** Collected material follows **

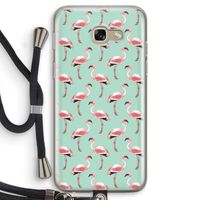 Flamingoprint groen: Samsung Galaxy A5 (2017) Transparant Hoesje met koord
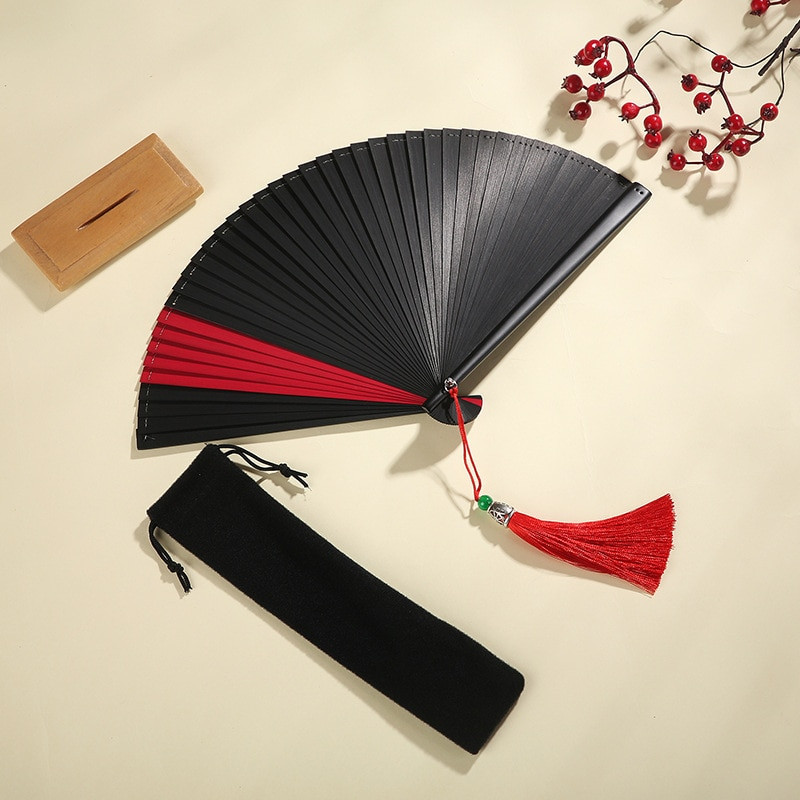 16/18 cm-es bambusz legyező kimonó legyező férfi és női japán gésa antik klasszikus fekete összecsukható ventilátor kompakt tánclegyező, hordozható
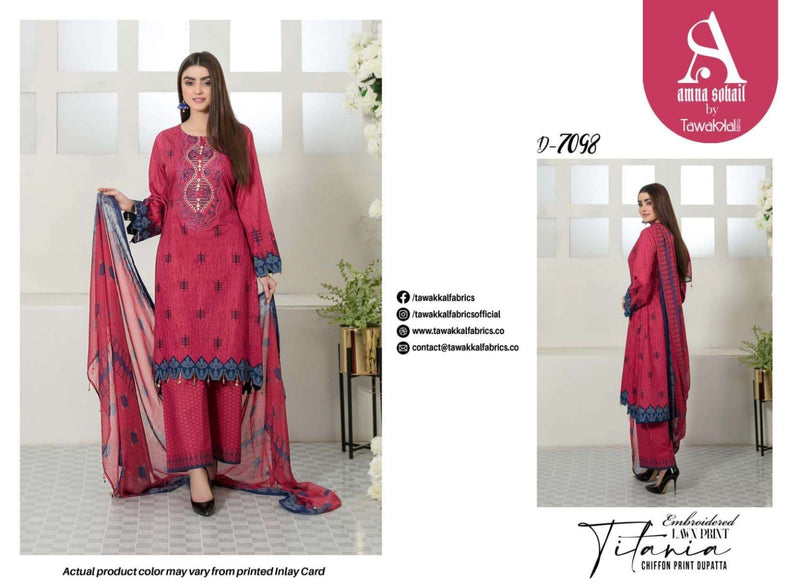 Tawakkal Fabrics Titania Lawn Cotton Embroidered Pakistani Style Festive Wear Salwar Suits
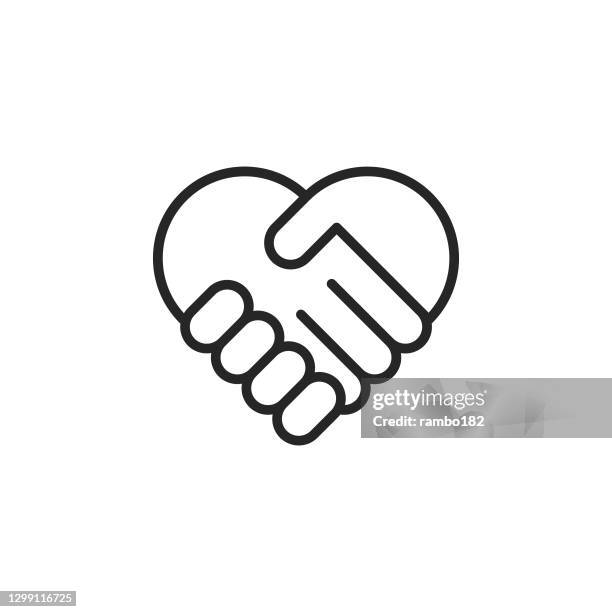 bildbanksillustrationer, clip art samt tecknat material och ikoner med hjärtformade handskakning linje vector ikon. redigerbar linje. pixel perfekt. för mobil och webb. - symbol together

** End of Collected material **

■ The task ■
Skip the pictures. Return exactly the lines from the one containing "Tawakkal Fabrics Titania" through the end of the data above, both included, and nothing besides.

■ Answer to the exercise ■
 Tawakkal Fabrics Titania Lawn Cotton Embroidered Pakistani Style Festive Wear Salwar Suits
 bildbanksillustrationer, clip art samt tecknat material och ikoner med hjärtformade handskakning linje vector ikon. redigerbar linje. pixel perfekt. för mobil och webb. - symbol together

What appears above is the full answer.